La storia, dalle pagine dei quotidiani locali, ha però raggiunto velocemente una attenzione mediatica che ha messo la docente e l’intero istituto al centro delle cronache nazionali.

l’attenzione pubblica intorno alla donna si è fatta sempre più forte: di lei sono state pubblicate le generalità, mentre sono state omesse quelle del presunto amante anche se era maggiorenne.

Addirittura, su alcuni giornali sono stati pubblicati stralci di chat e trascrizioni di audio attribuiti ai due presunti amanti, che avrebbero dovuto provare l’esistenza della relazione. Lo studente, però, si è rifiutato di depositare le chat per l’istruttoria ministeriale e dunque non sono state acquisite.

Ora che l’istruttoria ministeriale si è conclusa escludendo ogni accusa a carico della dirigente, lei potrebbe decidere di rivalersi sui quotidiani che hanno indebitamente divulgato e attribuito a lei le chat.

Il risarcimento danni

La pubblicazione delle chat sui quotidiani e in particolare su Repubblica è stata bloccata dal Garante per la privacy il 31 marzo. In un comunicato stampa, l’autorità ha fatto sapere di aver «disposto, in via d’urgenza, il “blocco” provvisorio di ogni ulteriore diffusione, anche on line, dei contenuti dei messaggi acquisiti e presentati, come loro trascrizione, in alcuni articoli pubblicati oggi da “la Repubblica” riguardanti la relazione intima che sarebbe intercorsa tra la dirigente di un liceo romano ed uno studente dello stesso istituto».

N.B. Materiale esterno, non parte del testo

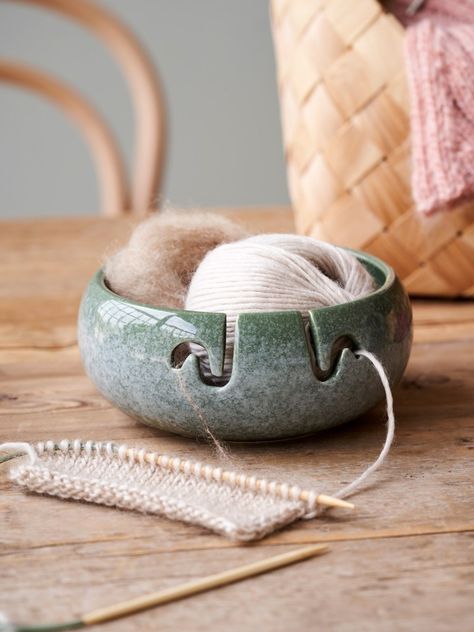 Yarn Bowls Pottery, Knitting Bowl, Ceramic Yarn Bowl, Clay Diy Projects, Dusty Green, Keramik Design, Hand Built Pottery, New Ceramics, Pottery Crafts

La ragione dell’iniziativa è che «Gli stralci dei messaggi riportano dettagli relativi ai rapporti personali, anche attinenti alla sfera sessuale, tra la preside (identificata con il nome e cognome e con alcune sue fotografie) e lo studente del liceo, maggiorenne, di cui viene pubblicato il (presunto) nome, indugiando sulle frasi che si sono scambiati e sulle circostanze dei loro incontri, che nulla aggiungono alla necessità di fare chiarezza sulla vicenda». 

Il codice della privacy, però, prevede che «in caso di diffusione o di comunicazione di dati personali per finalità giornalistiche devono essere sempre rispettati i limiti del diritto di cronaca - rappresentati dalla tutela della dignità, della riservatezza, dell’identità personale e della protezione dei dati personali e, in particolare, il limite dell'essenzialità dell'informazione riguardo a fatti di interesse pubblico». Limiti che il Garante ha ritenuto superati dalle testate giornalistiche.

Proprio a partire da questa iniziativa, la dirigente scolastica potrebbe agire per ottenere un risarcimento del danno in sede civile. A maggior ragione visto che le chat non sono state poi nemmeno prodotte nell’istruttoria ministeriale e quindi rimangono dati sensibili e personali, protetti dal diritto alla riservatezza della corrispondenza.

Il “blocco” disposto dal Garante già potrebbe, in linea teorica di diritto, essere sufficiente a sostenere una causa civile per illecito trattamento di dati sensibili.

Quanto all’ammontare del risarcimento, il danno arrecato potrebbe giustificare una somma anche piuttosto alta: le chat pubblicate, infatti, riguardano la sfera della vita sessuale della donna e quindi la violazione assume connotati di gravità maggiore.

L’iniziativa, quindi, ora spetta direttamente alla dirigente scolastica che dovrà decidere se rivolgersi ad un avvocato per ottenere ristoro – almeno sul piano economico -della violazione della sua privacy.